Russian art provocateurs Blue Noses continue to trick the audience by a mixture of satire, humor, and provocation in the new series of photographic prints, Proletarian Conceptualism, at the Gelman gallery, Moscow.
The duo’s photograph of two kissing policemen (An Epoch of Clemency, 2004)
–banned by Russia’s culture minister from traveling to a scheduled show in Paris in 2007–pushed all the right buttons, revealing the hypocrisy of military morals and state censorship. In the new show, Blue Noses direct their humorous castigations against another establishment: the burgeoning Russian art market.
Twenty-four c-prints show the barely dressed artists–Alexander Shaburov and Viacheslav Mizin–posturing with two fat, naked women on bright red fabric that directly calls to mind the color of the Russian flag.

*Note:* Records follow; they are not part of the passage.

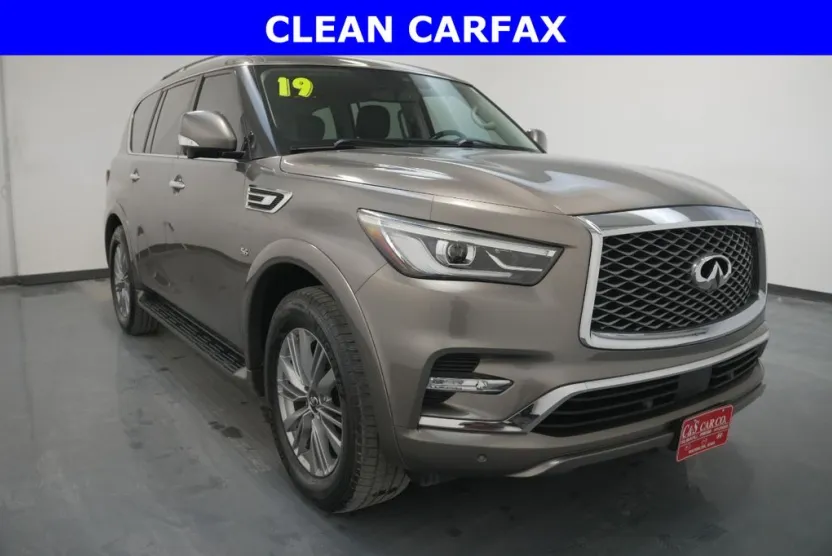 2019 Infiniti QX80 Luxe photo 1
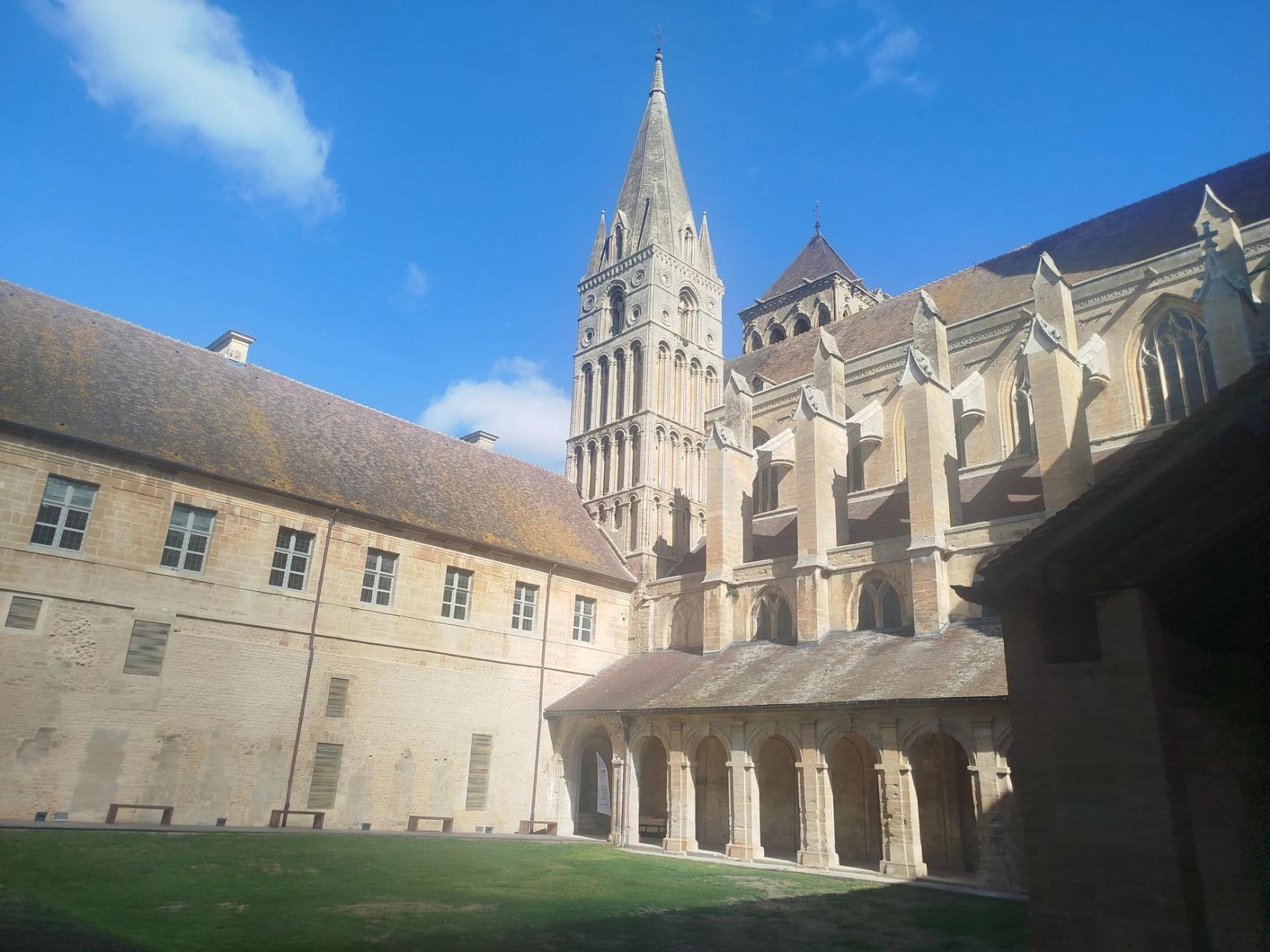 Cathédrale de Saint Pierre sur Dives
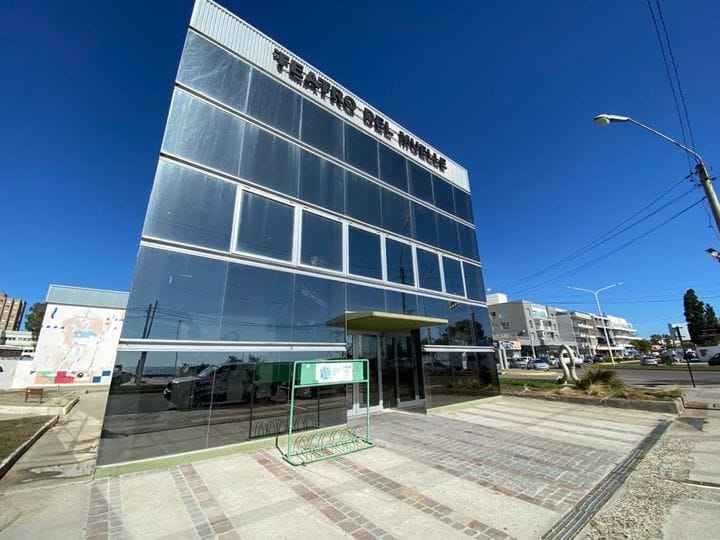 TEATRO DEL MUELLE - PUERTO DE MADRYN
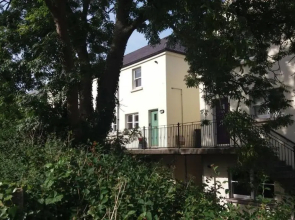 4 Bleach Green Apartments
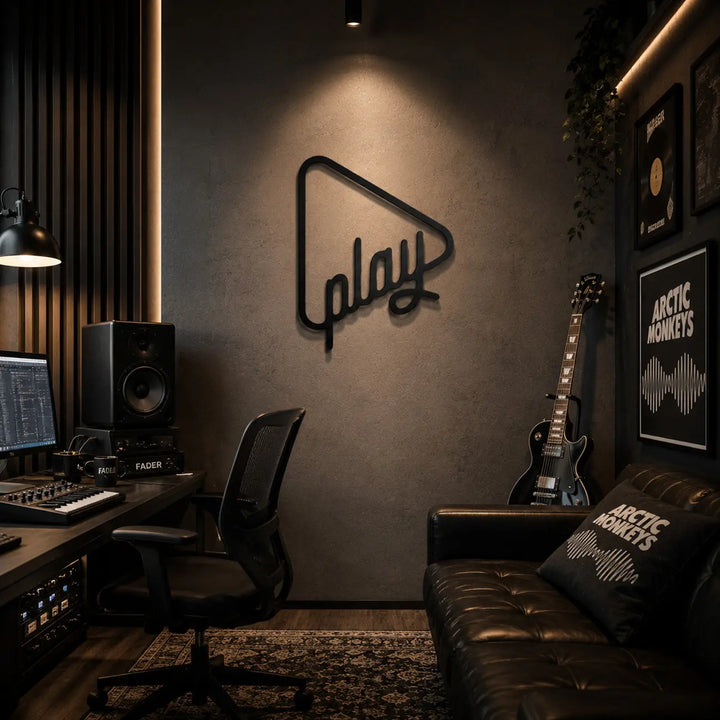 Motiverende zwarte metalen 'Just Play' tekst aan de muur in een creatief kantoor of studio. Strak design voor een moderne werkplek.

Posing individually or in groups, the photographs’ subjects wave the gaudy plastic banners shaped as a hammer and circle, a dollar sign, or the familiar five-point Russian star.
All the expected memorabilia are there: a propaganda portrait of Stalin stuck on the body of a doll is nursed by an obese blond who wears only a golden crown familiar from Russian folklore. In another image she tries to fit beneath a black carpet piece of cardboard, which reads as Malevich’s Black Square; but that famous bit of Soviet art is undercut by her naked buttocks which protrude.

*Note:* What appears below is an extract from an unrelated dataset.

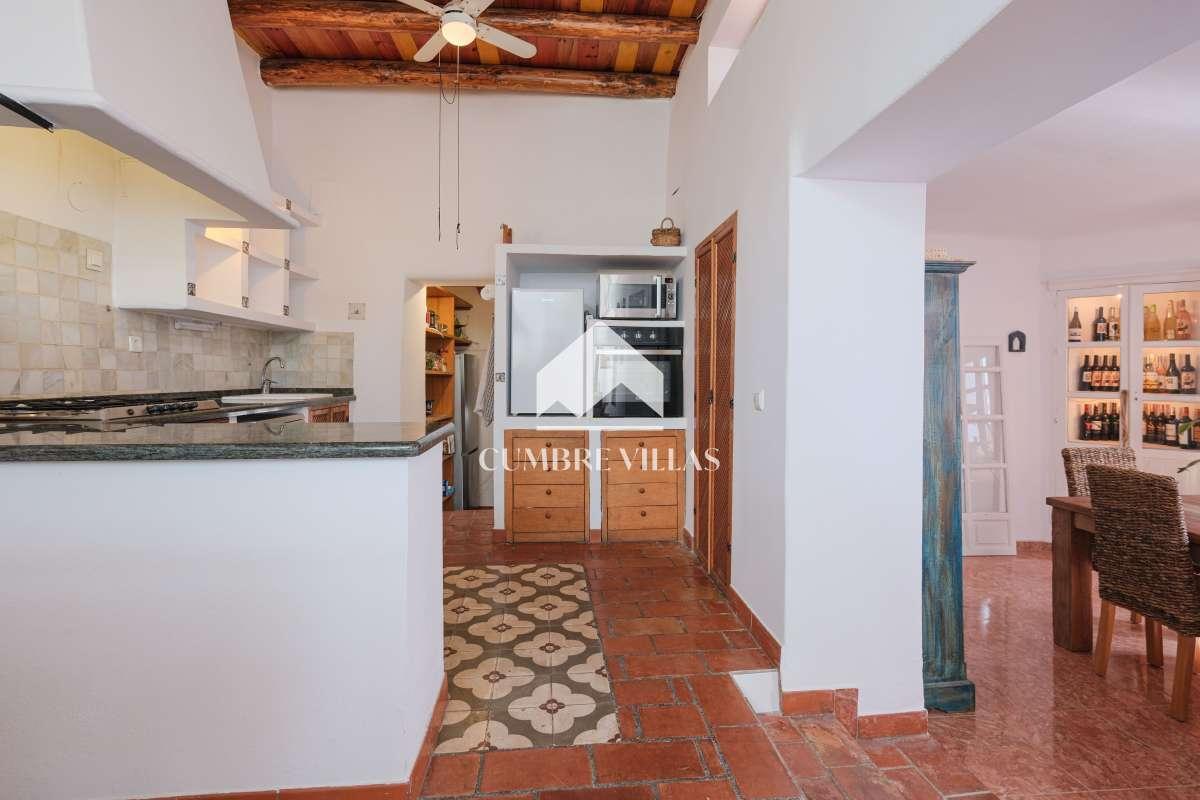 House for Sale in Salobreña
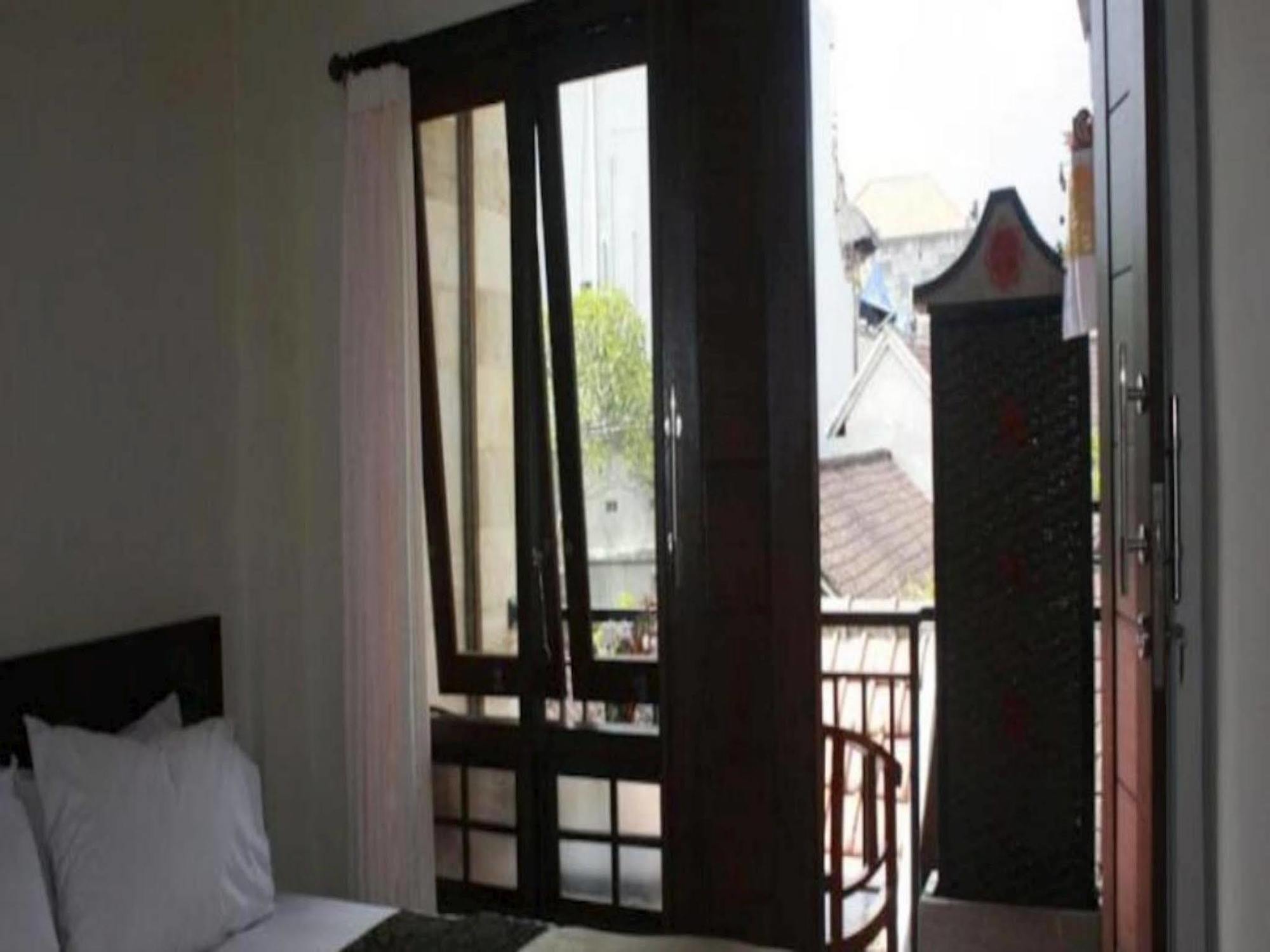 Corner Guest House Ubud  Exterior photo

In another photograph, one of the artists is upside down, holding a huge black star to cover his genitalia as he gazes back at the viewer. We are reminded that these recognizable symbols have been often used to cover both artistic ineptness, “nakedness” if you will, and a nostalgia for the past.
All of the photos are shot from a bird’s eye view. The figures, pinned like butterflies to a canvas, mimic a spectacle they condemn; that contemporary Russian artists must follow specific trends if they expect to prosper in today’s art market: everything may go, but nostalgia sells best.
From their beginnings in 1990s in Siberia, Blue Noses pushed elements of the current art scene to an extreme, all the while enjoying the attention that their absurd and hilarious actions provoke. Working in similar paths to Gilbert & George and the culture jamming Yes Men, the group takes themes from local culture that privilege brands and social conformity, seeking to tear them apart.
The prints of Proletarian Conceptualism debase art created for elite tastes with an in-your-face irony: Russian oligarchs/art collectors will want to own the art, but as they buy it up, they will have to face what they might not want to recognize. Adding controversial artwork to their collections, these artists hope to visually demonstrate the hypocritical tastes of Russia’s nouveau riche.